(Web page caption snippets)

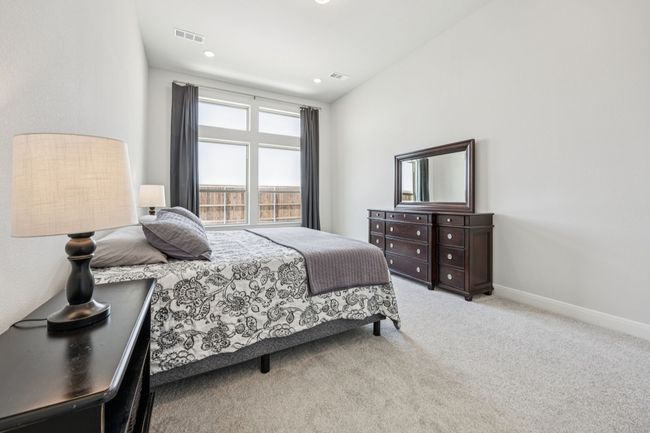 Bedroom with carpet and baseboards | Image 19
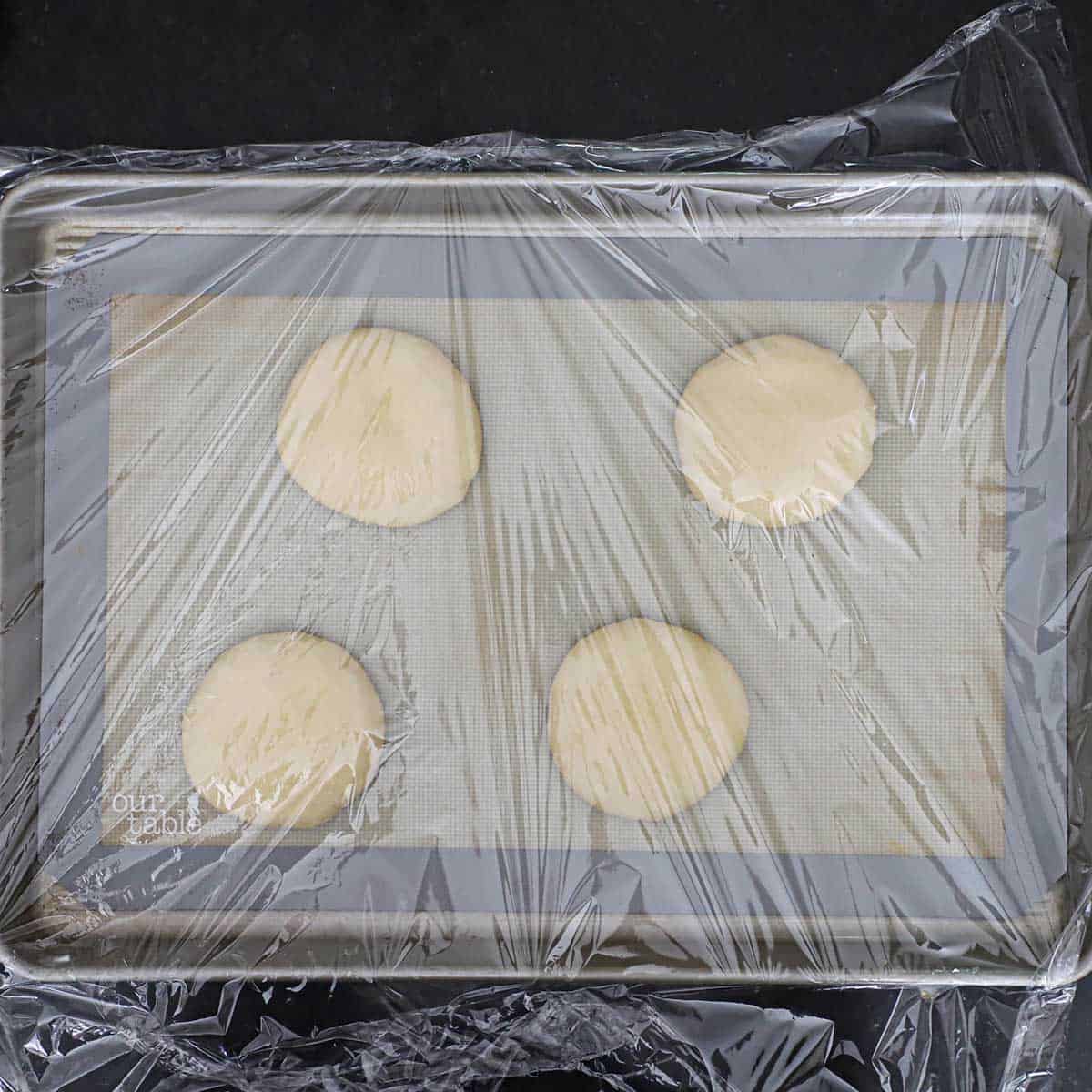 Four flattened rounds of hamburger bun dough on a silicone matt-lined sheet pan and is loosely covered with plastic wrap.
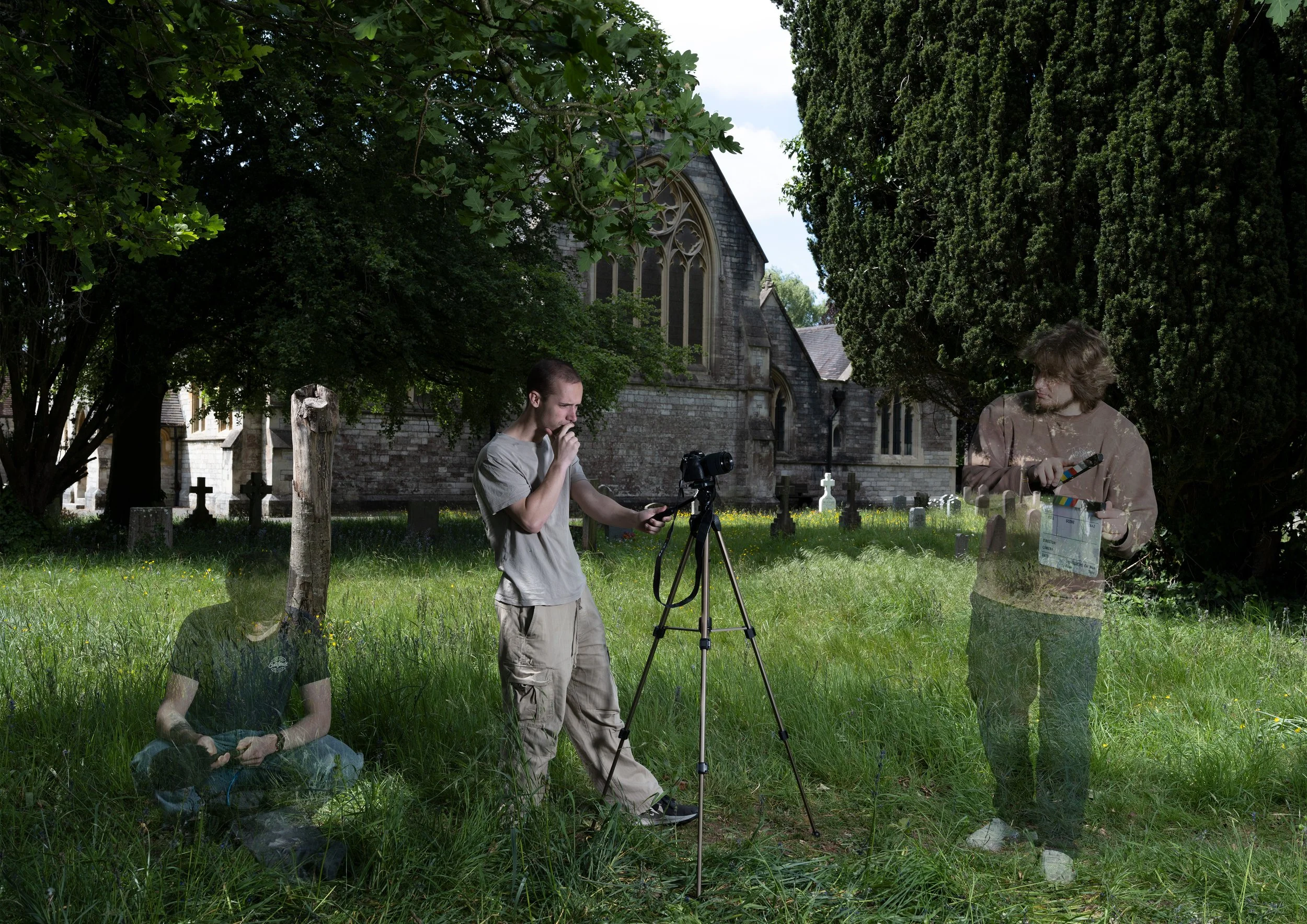 Two young men are in a cemetery with old gravestones and large trees. One is sitting on the ground, and the other stands behind a camera on a tripod, looking at his phone. The scene is partly overlapped by a transparent layer showing the same scene i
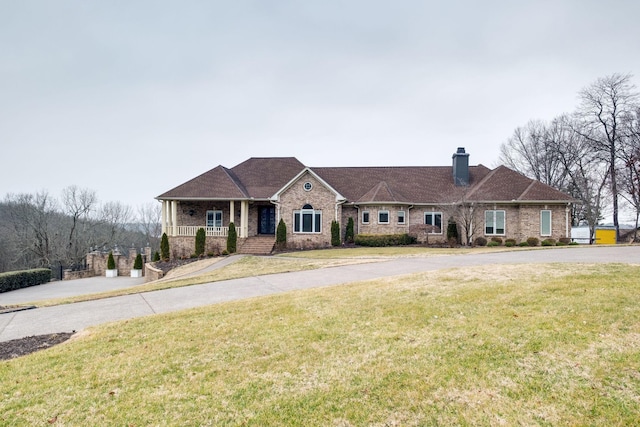 1825 Lake Meadow Trl, Mount Juliet, TN 37122 - view of front of house with a chimney, a porch, a front lawn, and brick siding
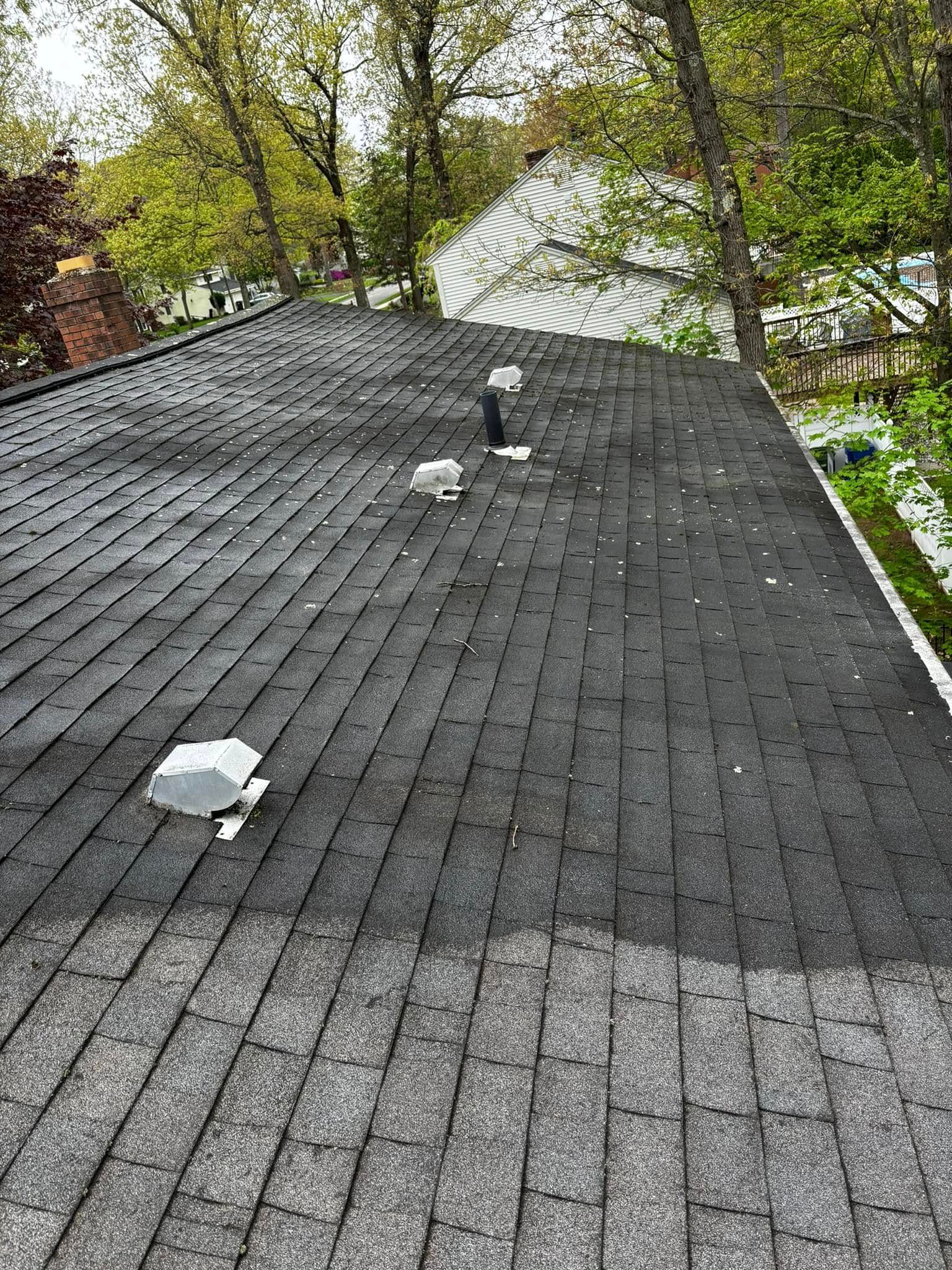 A roof with a lot of shingles and trees in the background.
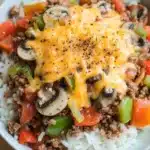 Ground beef dinner make ahead - the image is a close-up of a plate of food. the plate is white and round, and it is placed on a wooden table. the food appears to be a casserole dish with a layer of ground beef, diced tomatoes, green bell peppers, and sliced mushrooms. the beef is cooked to a golden brown color and is topped with melted cheese. the cheese is melted and bubbly, and there are small black pepper sprinkled on top. the dish looks freshly cooked and ready to eat.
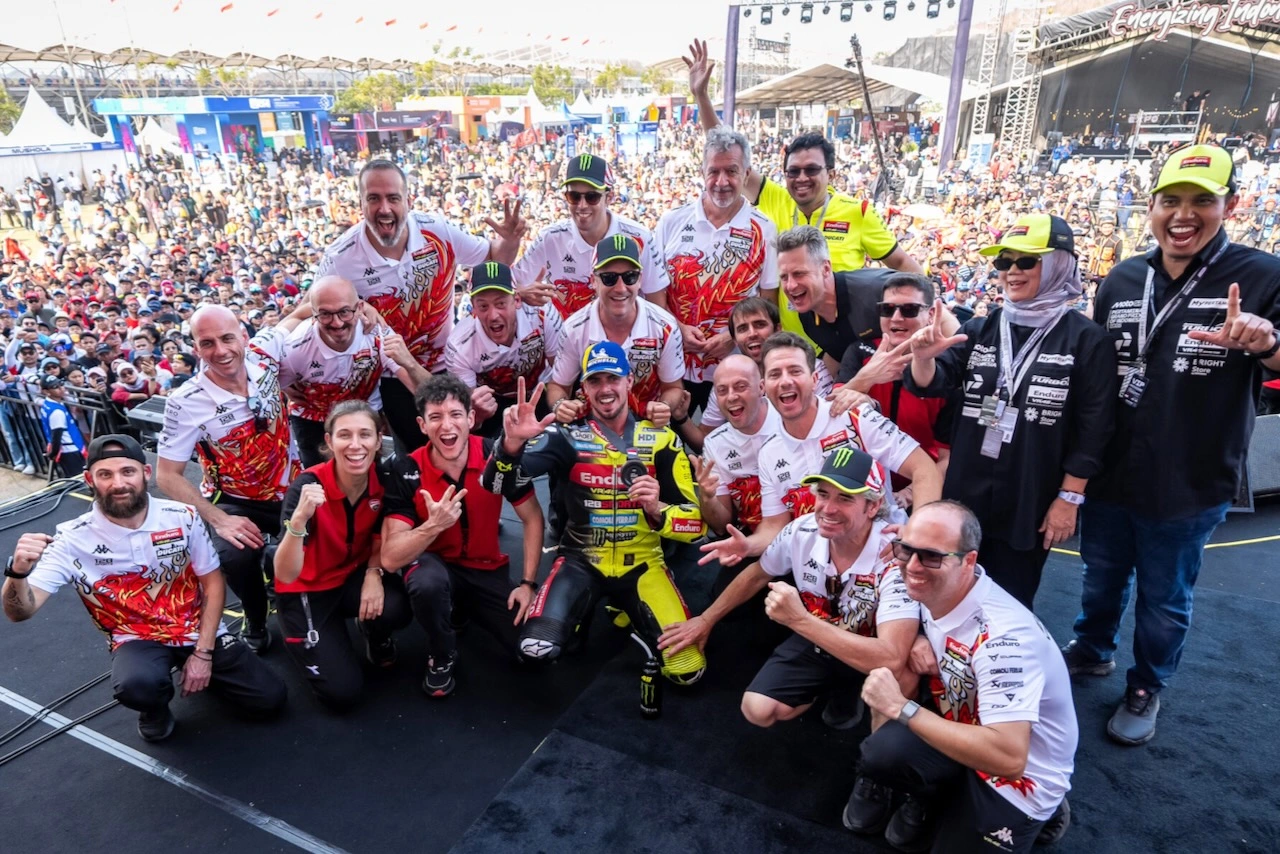 Di Giannantonio Sprint podium celebration with VR46 team members and fans at Mandalika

WHAT THE EXERCISE ASKS
Output, exactly and with no pictures, every line from the one that contains "A roof with" through the final line of the entries.

ANSWER TO THE PROBLEM
 A roof with a lot of shingles and trees in the background.
 Ground beef dinner make ahead - the image is a close-up of a plate of food. the plate is white and round, and it is placed on a wooden table. the food appears to be a casserole dish with a layer of ground beef, diced tomatoes, green bell peppers, and sliced mushrooms. the beef is cooked to a golden brown color and is topped with melted cheese. the cheese is melted and bubbly, and there are small black pepper sprinkled on top. the dish looks freshly cooked and ready to eat.
 Di Giannantonio Sprint podium celebration with VR46 team members and fans at Mandalika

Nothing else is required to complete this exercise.